Por lo tanto, es necesario identificar con mayor precisión a los adversarios de un programa político de decrecimiento, los obstáculos que se opondrían a su aplicación, y por último la forma política que cobraría una sociedad ecocompatible.
1) ¿Quiénes son los “enemigos del pueblo”?
Trazar el perfil del adversario resulta problemático, pues tanto las entidades económicas como las sociedades multinacionales que poseen realmente el poder son –por su propia naturaleza– incapaces de ejercerlo directamente. Como lo señala Susan Strange, “actualmente, nadie asume algunas de las principales responsabilidades del Estado dentro de una economía de mercado” (6). Por una parte, big brother es anónimo; por otra, la servidumbre de los sujetos es más voluntaria que nunca, ya que la manipulación que ejerce la publicidad es infinitamente más insidiosa que la de la propaganda… En tales condiciones, ¿cómo enfrentar “políticamente” a la megamáquina?

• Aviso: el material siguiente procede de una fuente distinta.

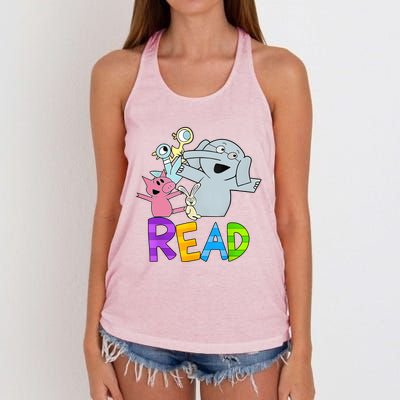 Funny Library Teacher Read Book Club Piggie Elephant Pigeons Women's Knotted Racerback Tank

La respuesta tradicional de cierto sector de la extrema izquierda, dice que una entidad, “el capitalismo”, es la fuente de todos los impedimentos y de todas nuestras impotencias. ¿Es posible el decrecimiento sin salir de esa entidad? (7). La respuesta requiere que evitemos todo dogmatismo, pues de lo contrario no podremos ver claramente los obstáculos.

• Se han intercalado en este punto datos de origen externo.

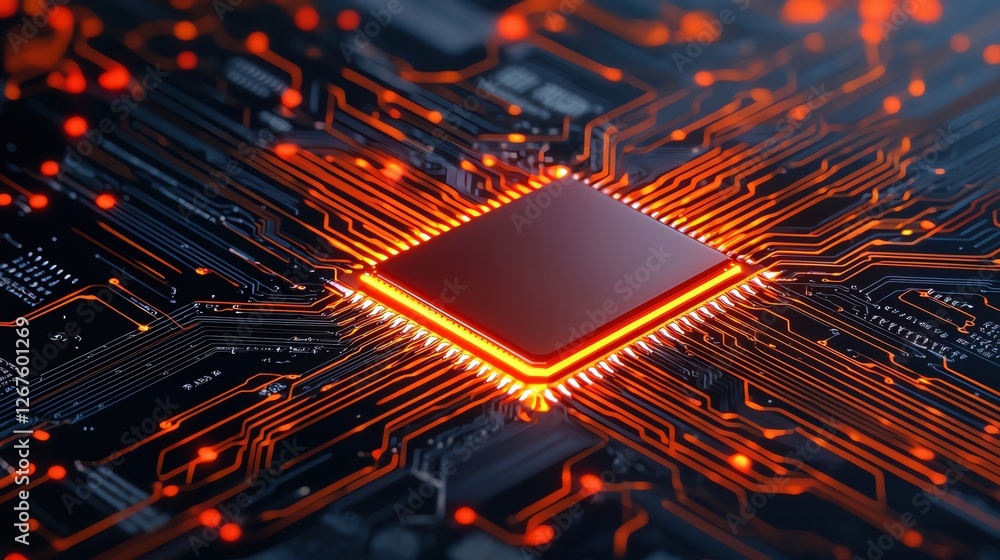 Aufkleber close-up of a vibrant microchip with glowing circuitry and intricate details.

El Wuppertal Institute propuso varios juegos de tipo “todos ganan” entre la naturaleza y el capital, como el plan Negawatt, destinado a reducir a su cuarta parte el consumo de energía, sin por ello dejar de satisfacer las mismas necesidades. Tasas, normas, bonificaciones, incitaciones y juiciosas subvenciones podrían hacer atractivas las conductas virtuosas, evitando así el derroche a gran escala. Por ejemplo, en Alemania se experimentaron con éxito sistemas de remuneración a los edificios, basados no tanto en el monto de las obras realizadas sino en la eficacia energética de las mismas. Respecto de ciertos bienes (fotocopiadoras, heladeras, automóviles, etc.) el alquiler podría reemplazar la propiedad, y evitar así una carrera desenfrenada hacia la nueva producción, favoreciendo un permanente reciclado. ¿Esto permitirá evitar un efecto de “rebote”, es decir, el crecimiento al final del consumo-materia? No es para nada seguro.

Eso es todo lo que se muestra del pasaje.